WHAT IS REQUIRED: Repeat the listing exactly, line by line, and leave the pictures behind.

INPUT DATA:
··········
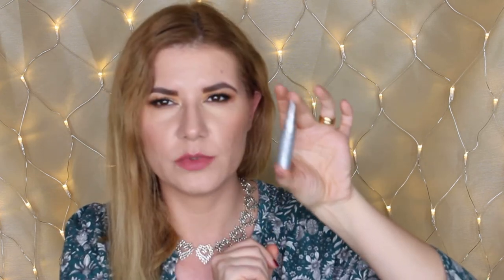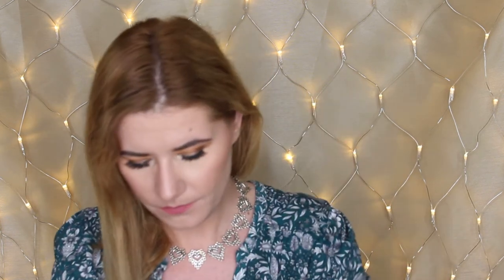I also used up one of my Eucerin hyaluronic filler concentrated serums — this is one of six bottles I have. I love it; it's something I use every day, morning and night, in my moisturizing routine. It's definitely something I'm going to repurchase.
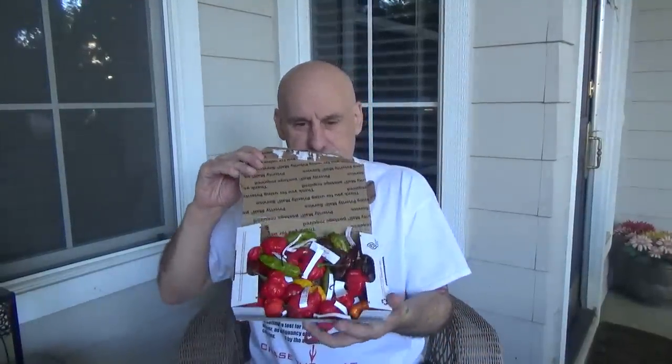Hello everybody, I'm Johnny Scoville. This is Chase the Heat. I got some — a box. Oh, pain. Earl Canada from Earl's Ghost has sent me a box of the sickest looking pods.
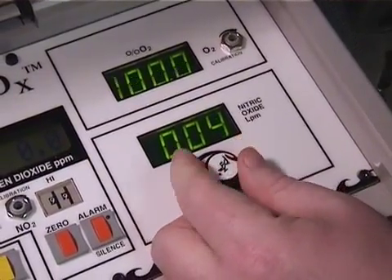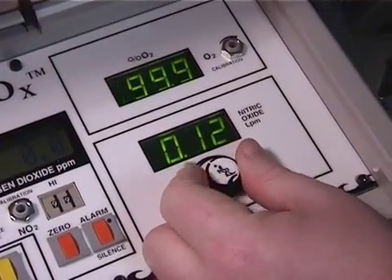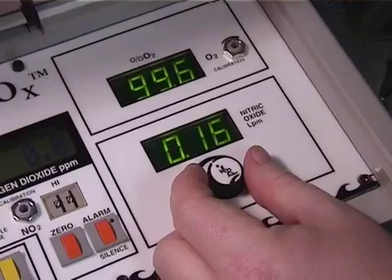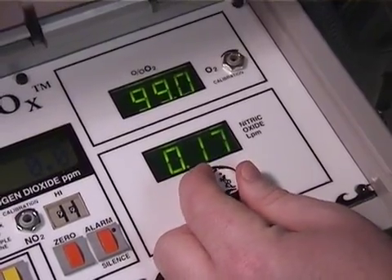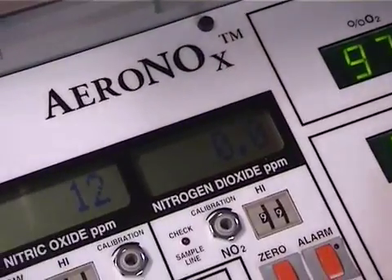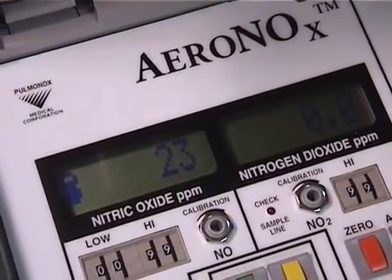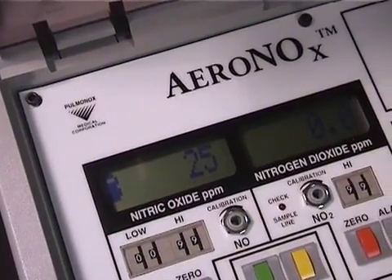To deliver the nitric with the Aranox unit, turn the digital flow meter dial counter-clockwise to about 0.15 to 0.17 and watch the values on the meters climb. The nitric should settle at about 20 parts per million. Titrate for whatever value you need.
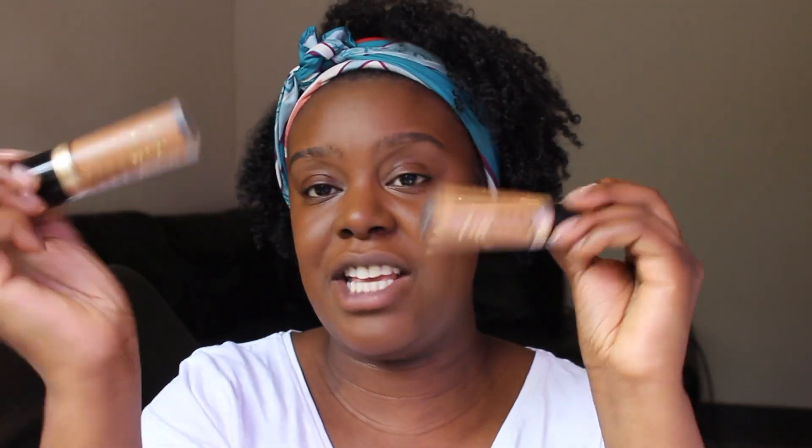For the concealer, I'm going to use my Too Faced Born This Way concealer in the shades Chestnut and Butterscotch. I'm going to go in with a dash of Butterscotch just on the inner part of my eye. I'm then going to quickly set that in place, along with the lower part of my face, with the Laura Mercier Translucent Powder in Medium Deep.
··········
RESPONSE BELOW:
I also used up one of my Eucerin hyaluronic filler concentrated serums — this is one of six bottles I have. I love it; it's something I use every day, morning and night, in my moisturizing routine. It's definitely something I'm going to repurchase.
Hello everybody, I'm Johnny Scoville. This is Chase the Heat. I got some — a box. Oh, pain. Earl Canada from Earl's Ghost has sent me a box of the sickest looking pods.
To deliver the nitric with the Aranox unit, turn the digital flow meter dial counter-clockwise to about 0.15 to 0.17 and watch the values on the meters climb. The nitric should settle at about 20 parts per million. Titrate for whatever value you need.
For the concealer, I'm going to use my Too Faced Born This Way concealer in the shades Chestnut and Butterscotch. I'm going to go in with a dash of Butterscotch just on the inner part of my eye. I'm then going to quickly set that in place, along with the lower part of my face, with the Laura Mercier Translucent Powder in Medium Deep.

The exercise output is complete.